The Good Terrorist - Doris May Lessing [159]
Somebody going out to buy cigarettes came back with the local Advertiser—the sheets given away on the streets or put through letter boxes or under doors. In it they found this piece:
A bomb exploded at the corner of West Rowan Road early on Friday morning. A cement post was destroyed and another chipped. The blast damaged the brickwork of nearby houses, and blew the windows out of four of them. Mrs. Murray, a widow of 87, said she was sitting by her upstairs window and had seen three youths near the cement post. It was not yet light, and she could not see them properly. She thought they were having a bit of a lark. She went to lie on her bed, still dressed.
“I sleep badly these days,” she said. She heard the explosion, and glass flying into her room. “Lucky I wasn’t still sitting at the window,” she confided to our reporter. Mrs. Murray sustained minor injuries from the glass and was treated for shock.

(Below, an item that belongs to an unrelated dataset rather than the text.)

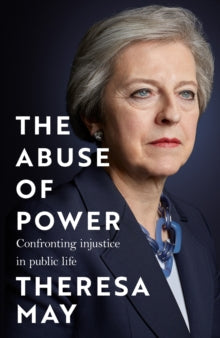The Abuse of Power by Theresa May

“Oh, poor old thing,” quavered Alice. She did not look at Jocelin, for she knew the look would be reproachful.
“Silly old cow,” said Faye. “Pity we didn’t do her in properly. We’d have done ’er a favour, we would. These old crones, their life isn’t worth living. ’Alf dead with boredom, they are, years before they go.”
They decided to laugh, to placate her. Faye was in the grip of one of her violent, reminiscent moods—but provoked by what? They never knew. She only sat and trembled a little defiantly, not looking at them, not looking even at Roberta, who was sitting rather hunched, her silvered poll lowered, eyes down, suffering for her.

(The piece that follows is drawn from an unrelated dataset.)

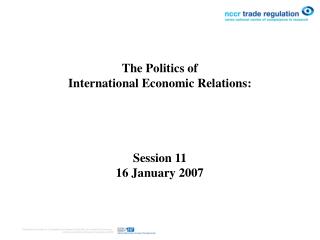 The Politics of International Economic Relations : Session 11 16 January 2007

“Well,” said Jocelin, “I think I know what to do. I’ll get it right this time.”
She sounded angry, even bitter. They were all bitter with frustration. A paragraph in the local Advertiser! They felt it was a snub of them, another in a long series of belittlings of what they really were, of their real capacities, that had begun—like Faye’s violences—so long ago they could not remember. They were murderous with the need to impose themselves, prove their power.
They went on drinking. Alice was sober, as usual, and apprehensive. It was Saturday, after all. And at eleven o’clock, as she had half expected, there was a loud knocking at the front door. She was up at once, sliding out of her seat, and at the kitchen door before the others had come to. She said to Jasper, “Keep out of sight, d’you hear? Don’t you come out, don’t …” To Bert, “Keep Jasper here. Don’t let him come out.” To Jocelin, “Is there anything they can find?” Jocelin ran past her and up the stairs. “It’s that little fascist. I knew he’d come back. He’s come to pay us back. I knew he would.”
The knocking went on. She opened the door, saying crisply, using all her resources to be in command, to be Miss Mellings, “You’ll wake everyone in the street.”
It was he, the fair, vicious young man, with cold baby eyes, the fluffy moustache. He was grinning and sadistic. He held something behind him, and there was a disgusting smell.
Alice had some idea of what was coming, knew that nothing could be done to stop him. But the main thing was that Jasper should not come out, not in the mood he was in—there would be a fight, she knew it.
Behind the policeman stood another. Both had schoolboy sniggers on their faces; neither looked at Alice—a bad sign.
She said, “What do you want?”
“It’s what you want,” said the little pig, and at this he and his colleague both guffawed, actually holding their hands to their mouths, like stage comedians.
“It’s what you fancy,” said the second policeman, in a strong Scottish accent.
“A little of what you fancy does you good,” said Alice’s enemy. Oh, how she loathed him, how she knew him, through and through! Oh, she knew what went on in police cells when he had someone helpless and at his mercy. But it mustn’t be Jasper.